Furthermore, Congress had a rational basis to believe that the practice of selfinsuring
for the cost of health care, in the aggregate, substantially affects interstate
commerce. An estimated 18.8% of the non-elderly United States population (about 50
million people) had no form of health insurance for 2009

then expand medicare, don't force others to enter the market. the court waxed on and on, but there simply is no constitutional authority to force every citizen into the market
 
you're reading US v. Lopez wrong. that case ruled the gun free school zones act unconstitutional because simple possession could not be regulated by the commerce clause because possessing a gun is not interstate commerce. It has since been rewritten to identify that any part of the weapon whatsoever has traveled in interstate commerce, but it has not been challenged. SO, if possessing something is not considered interstate commerce, I fail to see how forcing someone to possess health insurance can be.
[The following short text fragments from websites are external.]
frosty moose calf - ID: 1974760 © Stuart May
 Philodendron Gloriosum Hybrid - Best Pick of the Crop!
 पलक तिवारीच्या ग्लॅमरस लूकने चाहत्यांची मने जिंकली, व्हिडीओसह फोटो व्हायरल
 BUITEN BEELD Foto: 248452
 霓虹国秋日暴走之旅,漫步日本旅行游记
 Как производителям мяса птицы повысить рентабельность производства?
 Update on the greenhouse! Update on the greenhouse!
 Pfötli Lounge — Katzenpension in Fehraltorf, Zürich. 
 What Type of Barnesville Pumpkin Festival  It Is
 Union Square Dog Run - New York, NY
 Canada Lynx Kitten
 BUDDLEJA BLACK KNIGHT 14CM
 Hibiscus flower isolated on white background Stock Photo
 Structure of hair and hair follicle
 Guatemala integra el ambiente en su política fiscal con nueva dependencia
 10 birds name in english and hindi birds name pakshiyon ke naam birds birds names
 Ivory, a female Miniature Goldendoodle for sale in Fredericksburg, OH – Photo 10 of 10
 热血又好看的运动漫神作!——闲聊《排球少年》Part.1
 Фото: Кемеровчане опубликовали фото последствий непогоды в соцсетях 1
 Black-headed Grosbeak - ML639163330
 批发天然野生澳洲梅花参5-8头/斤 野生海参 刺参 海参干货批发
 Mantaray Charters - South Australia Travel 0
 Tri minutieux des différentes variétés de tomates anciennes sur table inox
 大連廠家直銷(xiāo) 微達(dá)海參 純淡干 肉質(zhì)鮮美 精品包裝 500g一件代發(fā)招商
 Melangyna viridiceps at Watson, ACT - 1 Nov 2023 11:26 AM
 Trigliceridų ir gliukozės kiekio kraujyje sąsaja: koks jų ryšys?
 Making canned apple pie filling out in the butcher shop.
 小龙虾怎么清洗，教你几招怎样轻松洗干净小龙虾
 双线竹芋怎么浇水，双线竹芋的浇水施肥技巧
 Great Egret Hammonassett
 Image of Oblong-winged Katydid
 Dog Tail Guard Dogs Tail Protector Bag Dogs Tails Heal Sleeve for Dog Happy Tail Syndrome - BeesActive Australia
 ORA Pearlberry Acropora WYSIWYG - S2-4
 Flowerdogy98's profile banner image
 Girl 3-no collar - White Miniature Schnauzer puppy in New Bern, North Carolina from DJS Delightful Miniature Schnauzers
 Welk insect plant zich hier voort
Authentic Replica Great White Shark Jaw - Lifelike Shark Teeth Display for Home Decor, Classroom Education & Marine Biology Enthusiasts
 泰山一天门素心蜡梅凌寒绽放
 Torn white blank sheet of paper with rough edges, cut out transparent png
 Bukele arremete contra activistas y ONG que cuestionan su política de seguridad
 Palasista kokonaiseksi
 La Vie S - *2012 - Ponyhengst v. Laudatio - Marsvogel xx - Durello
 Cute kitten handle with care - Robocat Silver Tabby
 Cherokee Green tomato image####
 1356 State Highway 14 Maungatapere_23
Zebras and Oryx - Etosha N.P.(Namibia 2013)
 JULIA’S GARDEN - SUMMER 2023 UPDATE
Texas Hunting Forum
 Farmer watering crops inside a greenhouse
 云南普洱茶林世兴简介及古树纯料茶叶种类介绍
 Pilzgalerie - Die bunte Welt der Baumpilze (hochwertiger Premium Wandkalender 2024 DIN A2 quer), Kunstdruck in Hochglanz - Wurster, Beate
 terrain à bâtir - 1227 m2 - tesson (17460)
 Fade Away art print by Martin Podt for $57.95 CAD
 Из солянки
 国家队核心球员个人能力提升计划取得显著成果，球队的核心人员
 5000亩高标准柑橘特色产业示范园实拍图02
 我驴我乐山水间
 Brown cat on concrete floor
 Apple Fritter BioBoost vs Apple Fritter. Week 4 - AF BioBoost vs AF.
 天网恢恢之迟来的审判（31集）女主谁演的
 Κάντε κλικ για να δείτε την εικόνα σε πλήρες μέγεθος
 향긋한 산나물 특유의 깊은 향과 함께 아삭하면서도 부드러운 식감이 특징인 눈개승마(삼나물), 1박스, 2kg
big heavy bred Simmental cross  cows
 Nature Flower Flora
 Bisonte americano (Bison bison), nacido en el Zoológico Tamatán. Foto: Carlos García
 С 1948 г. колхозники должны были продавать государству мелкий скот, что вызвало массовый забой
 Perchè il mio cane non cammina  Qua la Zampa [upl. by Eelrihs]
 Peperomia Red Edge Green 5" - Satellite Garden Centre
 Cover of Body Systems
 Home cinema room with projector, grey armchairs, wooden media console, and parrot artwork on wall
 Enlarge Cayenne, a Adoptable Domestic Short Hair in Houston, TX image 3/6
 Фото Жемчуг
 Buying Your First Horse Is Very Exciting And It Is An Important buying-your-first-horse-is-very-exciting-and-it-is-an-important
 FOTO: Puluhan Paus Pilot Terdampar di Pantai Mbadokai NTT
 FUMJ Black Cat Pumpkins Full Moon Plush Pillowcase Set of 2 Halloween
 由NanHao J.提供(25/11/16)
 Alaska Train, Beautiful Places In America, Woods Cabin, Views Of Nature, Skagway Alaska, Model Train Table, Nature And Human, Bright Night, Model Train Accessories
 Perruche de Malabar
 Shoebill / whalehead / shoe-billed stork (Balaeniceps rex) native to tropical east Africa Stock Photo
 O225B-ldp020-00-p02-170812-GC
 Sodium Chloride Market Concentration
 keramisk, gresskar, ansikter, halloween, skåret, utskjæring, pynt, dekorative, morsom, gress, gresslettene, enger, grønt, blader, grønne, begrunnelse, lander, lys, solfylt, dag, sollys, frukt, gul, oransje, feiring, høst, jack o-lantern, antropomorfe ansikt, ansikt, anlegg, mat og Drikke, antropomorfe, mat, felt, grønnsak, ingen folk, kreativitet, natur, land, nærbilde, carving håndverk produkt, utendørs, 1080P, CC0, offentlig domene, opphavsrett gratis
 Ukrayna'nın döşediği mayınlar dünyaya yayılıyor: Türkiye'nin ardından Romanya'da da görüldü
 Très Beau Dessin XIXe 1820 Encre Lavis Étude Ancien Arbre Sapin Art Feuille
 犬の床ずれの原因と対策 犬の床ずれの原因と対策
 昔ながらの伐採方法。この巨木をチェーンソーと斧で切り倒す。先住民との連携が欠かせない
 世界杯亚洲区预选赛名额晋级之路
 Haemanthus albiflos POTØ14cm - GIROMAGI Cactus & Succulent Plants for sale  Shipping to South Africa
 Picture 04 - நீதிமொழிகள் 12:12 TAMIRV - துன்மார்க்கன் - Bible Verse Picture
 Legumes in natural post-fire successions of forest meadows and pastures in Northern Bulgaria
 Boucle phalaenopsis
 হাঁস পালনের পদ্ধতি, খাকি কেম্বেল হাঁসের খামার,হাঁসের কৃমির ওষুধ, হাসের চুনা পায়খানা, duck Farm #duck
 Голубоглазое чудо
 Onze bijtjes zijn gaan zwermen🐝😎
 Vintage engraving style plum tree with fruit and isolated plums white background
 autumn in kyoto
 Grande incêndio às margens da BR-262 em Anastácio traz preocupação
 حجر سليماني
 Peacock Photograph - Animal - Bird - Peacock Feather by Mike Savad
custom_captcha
Forcing someone to own something is interstate commerce. Forcing someone to carry something on their person is not. The former is economic activity, the latter is not. So you can force people to own guns and you can force people to own health insurance but you cannot force someone to carry a gun on them or to carry "health insurance" on them.
 
then expand medicare, don't force others to enter the market. the court waxed on and on, but there simply is no constitutional authority to force every citizen into the market

They're already in the market, Yurt. That's the point you're missing.